Пошли новые кадры… Тот же длинный и просторный цех, под крышами которого здесь и там маячили хоботы тросов подъемных кранов, от фрезерных станков сверкающей гривой молодого жеребенка, скачущего по степи, летели снопы металлической стружки, вертелись большие и маленькие карусельные станки, медленно погружались в огромные чаны с расплавленным оловом тяжелые роторы электромоторов, с гиком носились по цеховым пролетам на юрких электрокарах лихие такелажники, в красильном отсеке в чаны с нитроэмалью погружались готовые детали и машины, над сборочными столами склонялись сосредоточенные лица укладчиц… Цех, как огромный, четко работающий сложный механизм, жил своей машинной жизнью, движимой силой электрического тока и волей человеческого разума.

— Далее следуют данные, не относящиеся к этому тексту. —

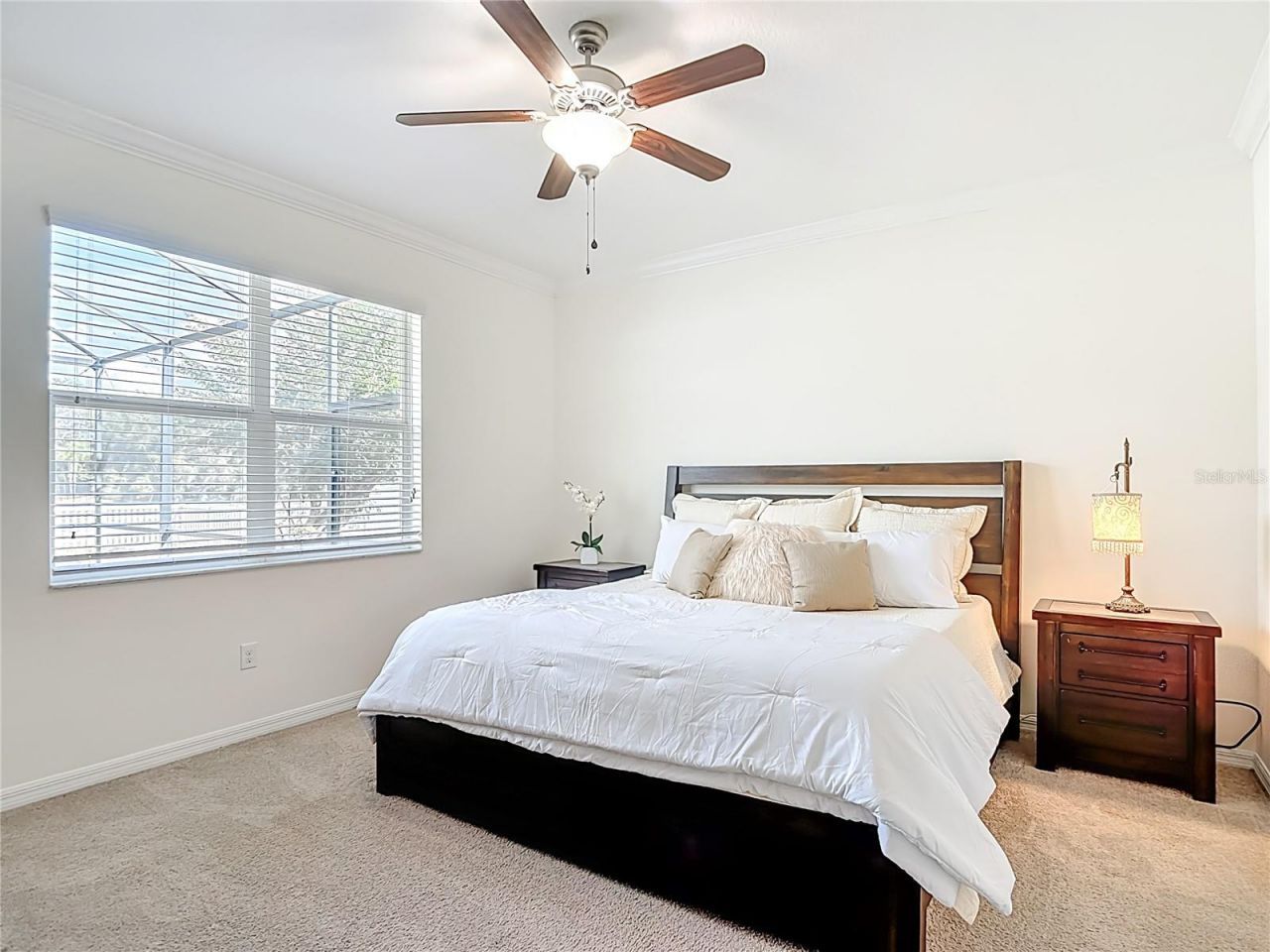 13913 Bee Tree Court, Hudson, FL 34669 Photo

И вдруг в этом разумно организованном хаосе звуков и движений появилась фигура старика с палочкой в правой руке. В левой руке старик держал шляпу. Он шел по цеху, как старец патриарх когда-то шел по храму между рядами коленопреклоненных прихожан, пришедших в церковь на откровенную исповедальную беседу с богом. Его приветствовали со всех сторон рабочие цеха: кто поднимал сжатый кулак и подкреплял свою любовь и уважение к старику сердечной приветственной улыбкой, кто просто махал рукой и показывал на станок — мол, рад бы отойти, да он не отпускает, — кто просто молчаливо улыбался и кивал головой почетному ветерану завода…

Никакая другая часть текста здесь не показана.